Given data:

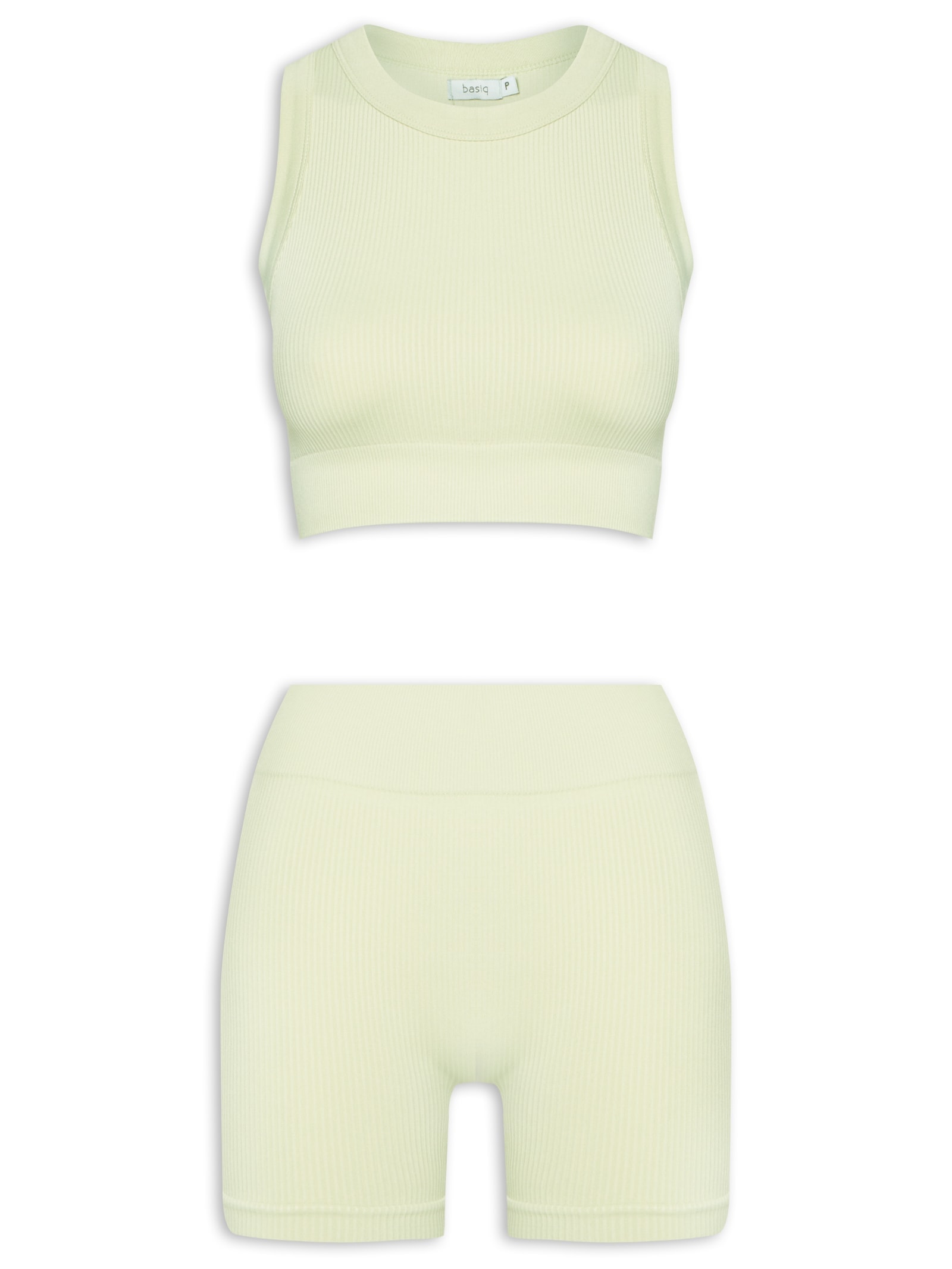 Conjunto Feminino Canelado Short E Regata Verde Basiq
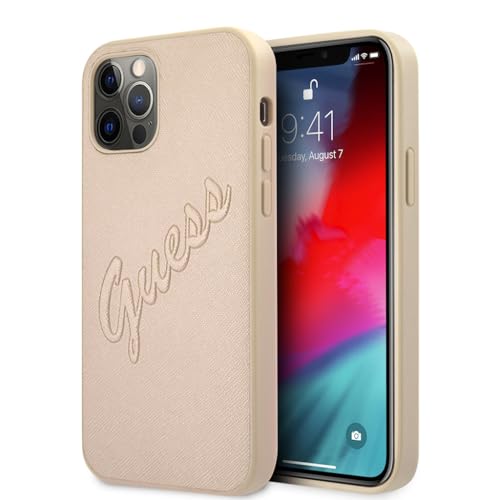 GUESS GUHCP12MRSAVSLG Coque pour iPhone 12/12 Pro 6,1" Saffiano Doré Script Vintage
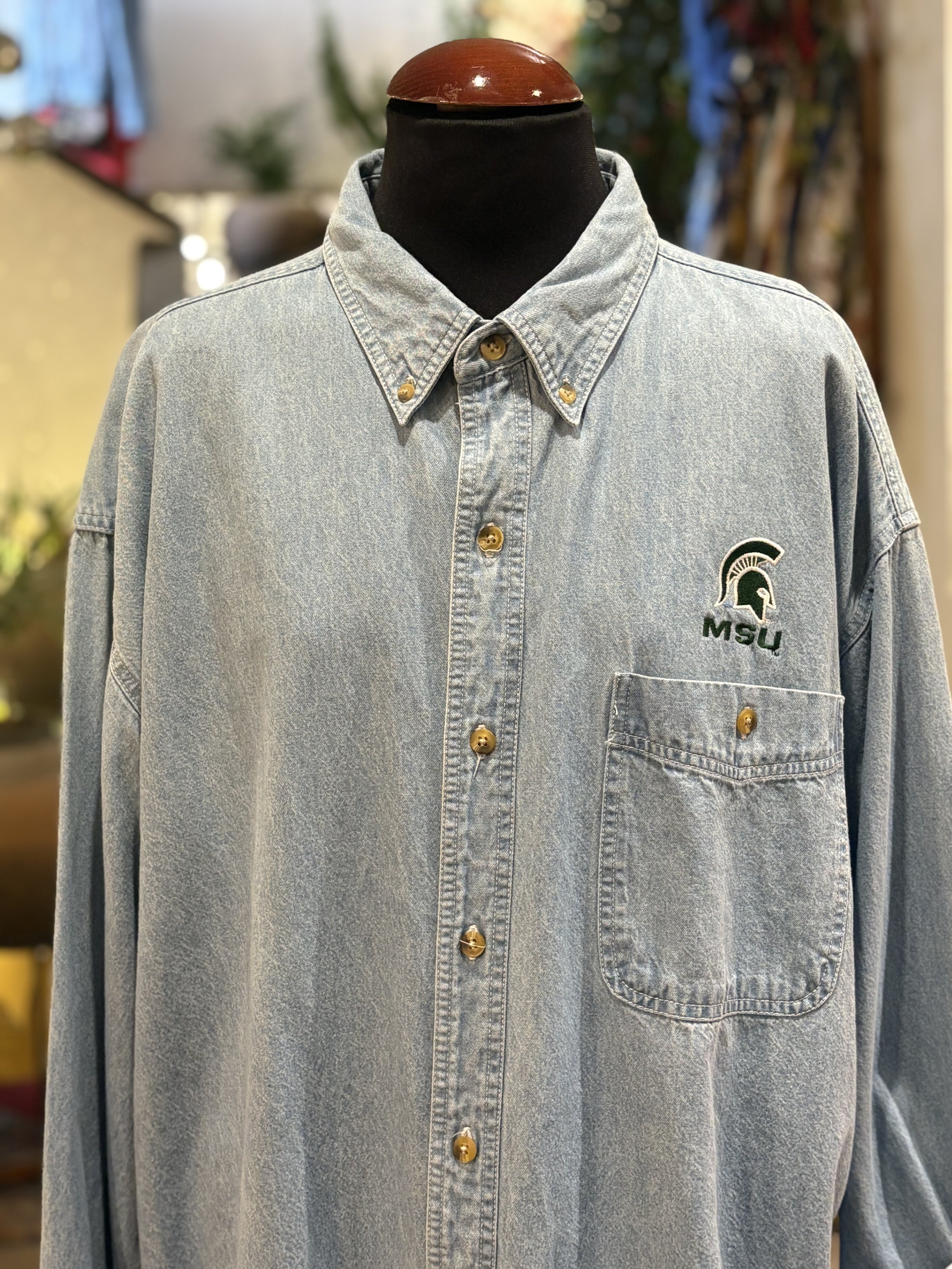 Camisa vintage vaquera de Lee Michigan State Spartans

Task requirements:
Pictures aside, reproduce the listing above exactly.

Output of the exercise:
 Conjunto Feminino Canelado Short E Regata Verde Basiq
 GUESS GUHCP12MRSAVSLG Coque pour iPhone 12/12 Pro 6,1" Saffiano Doré Script Vintage
 Camisa vintage vaquera de Lee Michigan State Spartans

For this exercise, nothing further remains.